Cem Karaca, yapımcılığını Apaşlar’dan arkadaşı Mehmet Soyarslan’ın üstlendiği Gani Müjde’nin Kahpe Bizans filminde küçük bir rol aldı. Bu film için 3 şarkı da seslendirdi.
Karaca, ilk evliliğini tiyatro sanatçısı Semra Özgür ile 1965’te yaptı. Daha sonra boşanan Karaca, 1968’in sonunda yine bir tiyatro sanatçısı olan Meriç Başaran ile hayatını birleştirdi, bu evliliği ise iki yıl sürdü.
Üçüncü evliliğini Ağustos 1973’te Feride Balkan ile yapan sanatçının, bu evlilikten Emrah adını verdiği bir oğlu oldu. Çift, daha sonra ayrıldı. 5 Temmuz 1993’te Cem Karaca, dördüncü evliliğini ilk eşi Semra Özgür ile yaptı. Karaca’nın son evliliği ise İlkim Erkan ile oldu.
Fotoğraf: Cem Karaca ve Semra Özgür Karaca
VEFATI
Mahsun Kırmızıgül ile Hayat Ne Garip, Mehmet Eryılmaz ile Hayvan Terli ve Yeni Türkü için Göç Yolları şarkısını seslendiren Cem Karaca, son büyük konserini 17 Ocak 2004’te Ankara Saklıkent’te verdi.

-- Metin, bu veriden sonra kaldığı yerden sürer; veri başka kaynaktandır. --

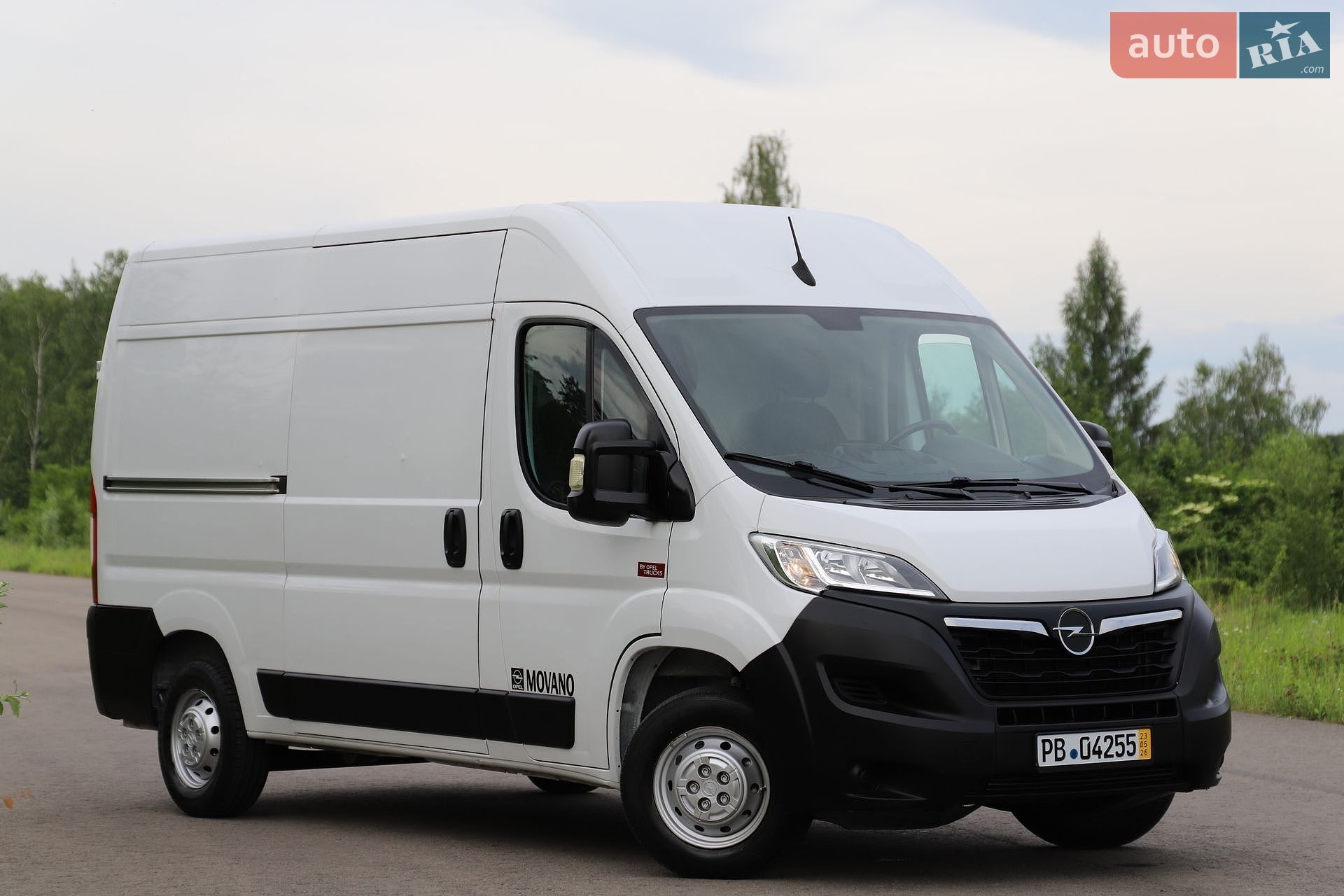 Opel Movano 2023 VIN VXEYCBPFB12X12654 фото оголошення 17 з 93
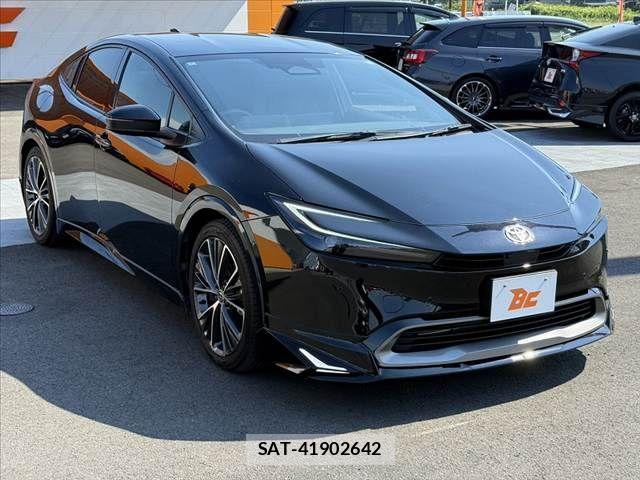 Toyota PRIUS 2024-01 8628394-9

Son günlerinde “Yol Arkadaşları” grubuyla İstanbul’da sahne alan Cem Karaca, 8 Şubat 2004’te kaldırıldığı hastanede vefat etti.
Kendisini her zaman Türk ve Müslüman olarak tanımlayan, gençlik yıllarından itibaren Alevilik ve Bektaşiliğe özel ilgi duyan Cem Karaca, vasiyeti gereği Karacaahmet Mezarlığı’nda tekbir sesleriyle toprağa verildi. Üsküdar Seyit Ahmet Deresi Camisi’nde kılınan cenaze namazına katılım büyüktü.
Cem Karaca’nın mezarı, 2006’da son eşi İlkim Karaca’nın iddiaları üzerine açıldı. Emrah Karaca’nın babasının Cem Karaca olduğu tescil edildi.